Decorations are such an important part of UK’s homes during the run up to Christmas, so it’s no surprise we often have strong opinions and preferences regarding how this should be achieved.
The top results of a survey I read recently by Baytree Interiors regarding the UK’s preferred Christmas decorations didn’t particularly surprise me, as the number one most popular item voted for were Christmas lights – definitely deserving of the number one spot!
Though I was surprised by the Christmas tree results, as I would of thought real Christmas trees were the most popular within the Christmas tree category, but that turns out not to be the case.
When you drive down any street you can see how popular they are from the outside of homes as well as in the interiors. Even homes that have minimal decorations often opt for lighting as it gives such a magical Christmas glow.
Christmas lights originated from the use of candles placed upon the Christmas tree itself during the 18th century and progressed to electric lighting placed within the tree.
There is a great article here regarding the history of electric Christmas lights, from Thomas Edison’s Menlo Park lab draped with lights, to Albert Sadacca ‘s NOMA Electric Company set up to produce a safe alternative to candles.
When asked “what type of Christmas tree do you have?” I was surprised that fake/plastic Christmas trees were top of the list. Real Christmas trees were not even second place, they were placed third.
In second place at 23% of the votes were people who stated that they did not have a Christmas tree. When reading why it does make a lot of sense, as not everyone has the space and many people are away over the Christmas period.
For a number of people there is also the risk that their children or pets may have an accident involving the tree. This is something to seriously consider when choosing a tree and decorations.
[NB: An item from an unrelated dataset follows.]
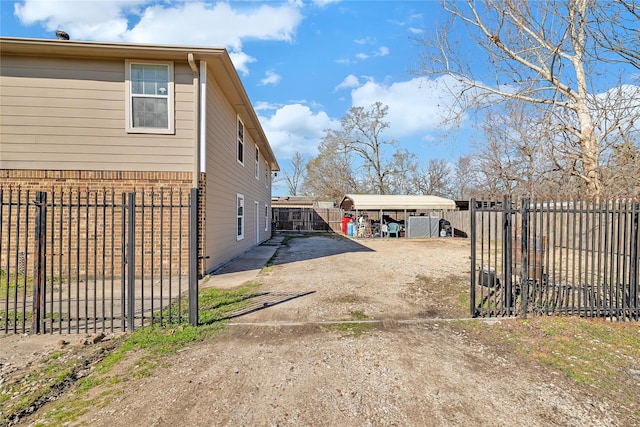 view of property exterior with brick siding, driveway, fence private yard, and a gate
If you do decide to have one and you have small children and pets, place the tree in a room that they cannot gain access to, decorate the tree with large decorations that cannot be choked on, fix the tree securely in place so that it doesn’t fall over, and don’t place electrical Christmas tree lights onto the tree, as these can all help reduce the risks.
Christmas baubles are a great accessory and as you can see from the picture above they don’t have to be placed just on a Christmas tree.
They can also have sentimental value, from homemade baubles your children have made to decorating the tree with a baubles from each country you’ve visited.
I particularly like these homemade Star Wars baubles, as they are so much fun!
In Germany in the 1600’s tinsel was originally made of real silver and used to create an ice effect, but due to the discolouring of silver it was eventually replaced with an artificial version.
The image of the cat above is particularly adorable, but in the UK as we see our pets as part of the family they more often than not share in our festivities over the Christmas period, so please remember that as with small children make sure your pets cannot ingest any small decorations or eat the Christmas tinsel or treats – chocolate and Christmas pudding are particularly toxic for your pet.
According to the New York Times the Christmas Wreath carries many meanings and messages:
Hung on the door or a window, the wreath has been viewed as an invitation to the spirit of Christmas to enter the home and bring luck, suggesting as well that the Christmas spirit dwells within.
If you are superstitious you may feel you should remove your decorations by the twelfth day of Christmas, but there are many theories surrounding the twelve days of Christmas, and it seems more routed in the conflict between pagan and Christian celebrations, than bad luck.
The pagans were aloud to keep there winter celebrations up until the 12th day of Christmas when the Christians would then celebrate Epiphany (the showing of Christ to the world).